COLLECTED MATERIAL:
******************************
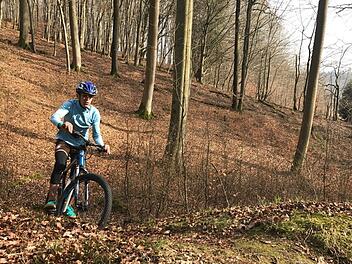 Singletrails um Bad Br&uuml;ckenau: Touren durch den Wald geh&ouml;rten ebenso zur Ausbildung der AG-Teilnehmer wie Geschicklichkeits&uuml;bungen und grundlegendes Wissen f&uuml;r Wartungsarbeiten. Foto: Andr&eacute; Dippacher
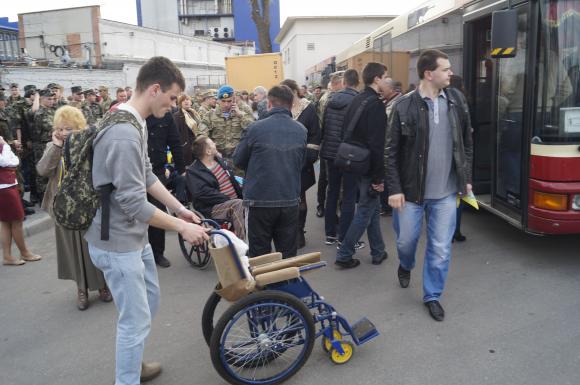 На відкритті фонтану «Рошен» вінничани жалілись на поганий мобільний зв'язок, фото №3 на сайті 20minut.ua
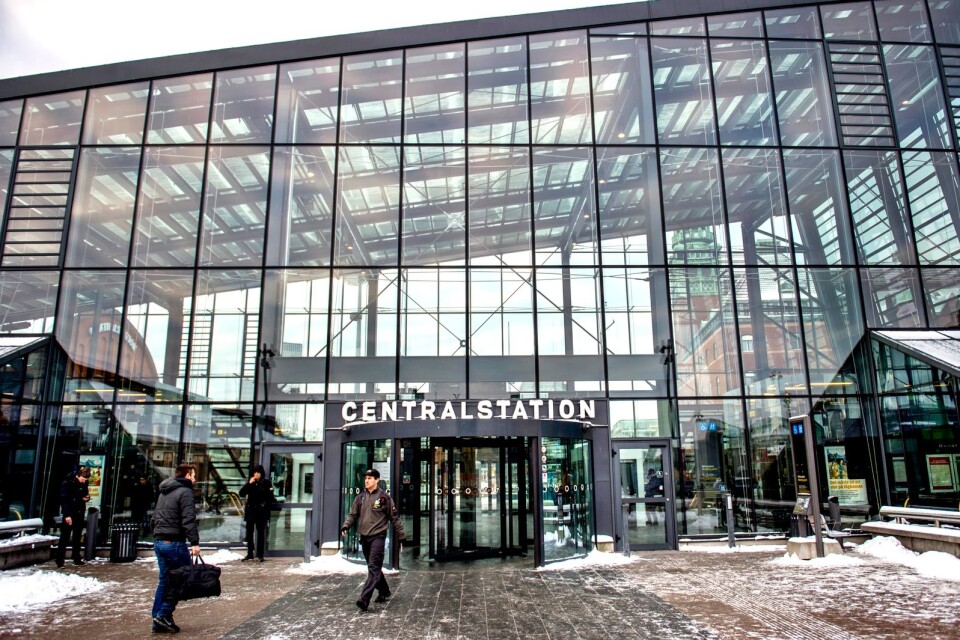 Skribenten tillsammans med sitt resesällskap fick tillbringa natten på Malmö centralstation.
******************************
GOAL OF THE EXERCISE: Find the line that contains "На відкритті фонтану" and repeat it, along with every line after it to the end of the data, exactly; drop the pictures.

REPLY TO THE EXERCISE:
 На відкритті фонтану «Рошен» вінничани жалілись на поганий мобільний зв'язок, фото №3 на сайті 20minut.ua
 Skribenten tillsammans med sitt resesällskap fick tillbringa natten på Malmö centralstation.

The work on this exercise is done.